--- SOURCE DATA Enclosed Below ---

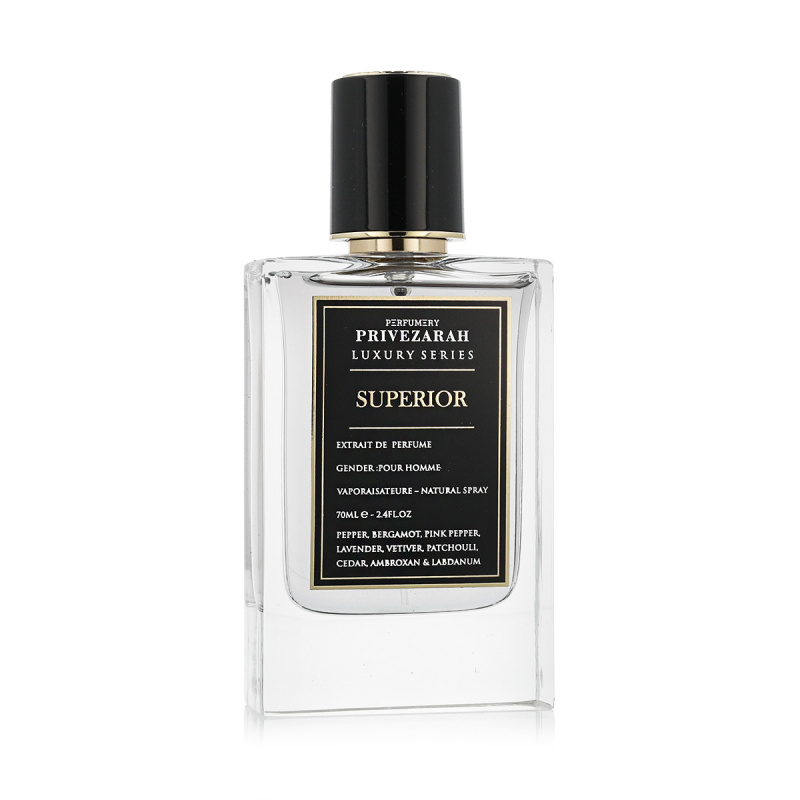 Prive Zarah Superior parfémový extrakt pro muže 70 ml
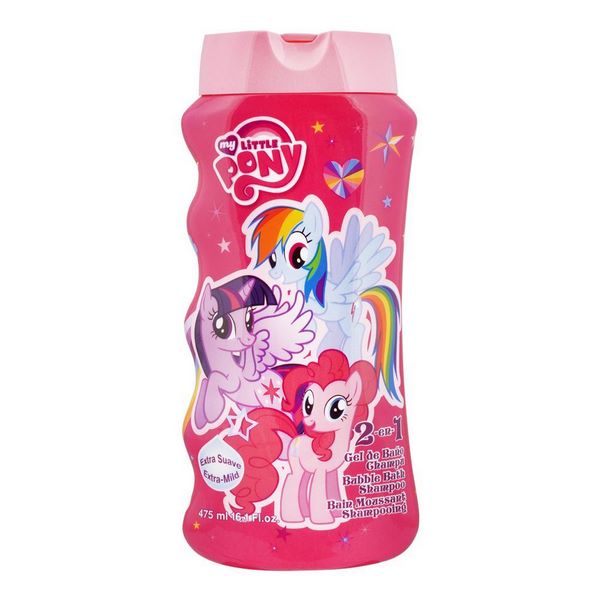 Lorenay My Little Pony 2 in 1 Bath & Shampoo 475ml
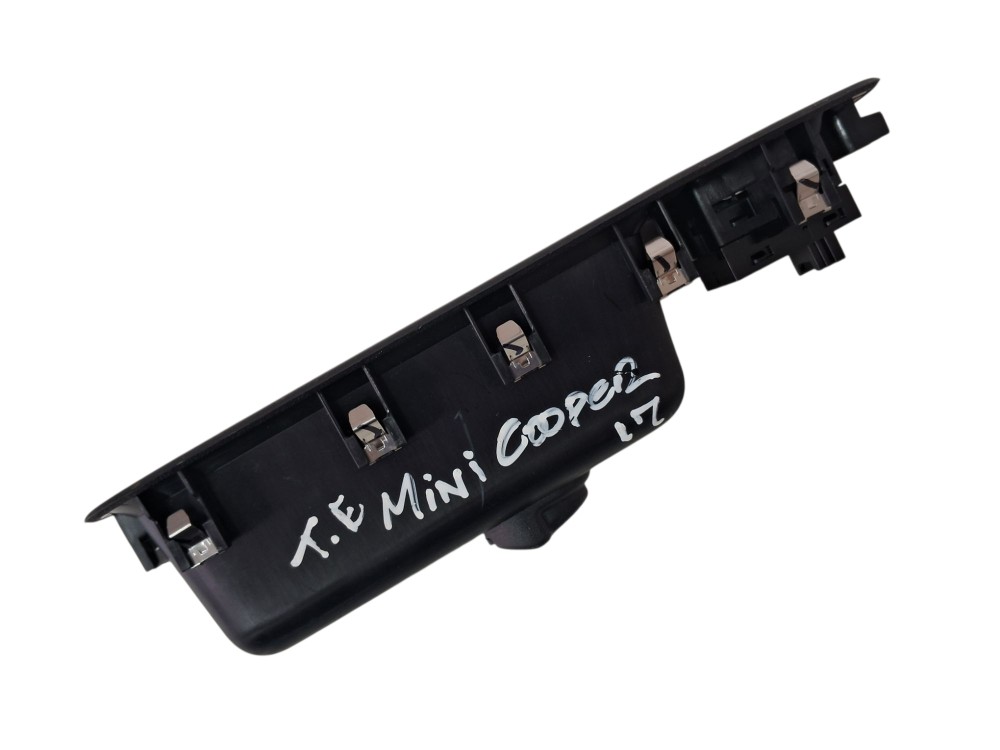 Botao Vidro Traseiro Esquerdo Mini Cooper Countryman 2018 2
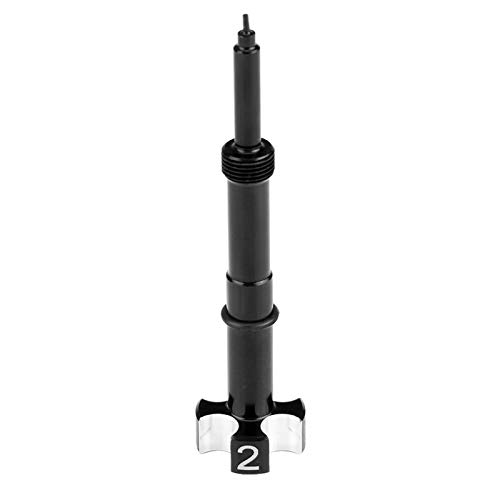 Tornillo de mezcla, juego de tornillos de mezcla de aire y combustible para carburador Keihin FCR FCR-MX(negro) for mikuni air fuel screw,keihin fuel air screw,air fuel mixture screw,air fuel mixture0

--- End of Enclosed SOURCE DATA ---

**THE PROBLEM**
Output the data above exactly; pictures do not belong in the copy.

**SOLUTION**
 Prive Zarah Superior parfémový extrakt pro muže 70 ml
 Lorenay My Little Pony 2 in 1 Bath & Shampoo 475ml
 Botao Vidro Traseiro Esquerdo Mini Cooper Countryman 2018 2
 Tornillo de mezcla, juego de tornillos de mezcla de aire y combustible para carburador Keihin FCR FCR-MX(negro) for mikuni air fuel screw,keihin fuel air screw,air fuel mixture screw,air fuel mixture0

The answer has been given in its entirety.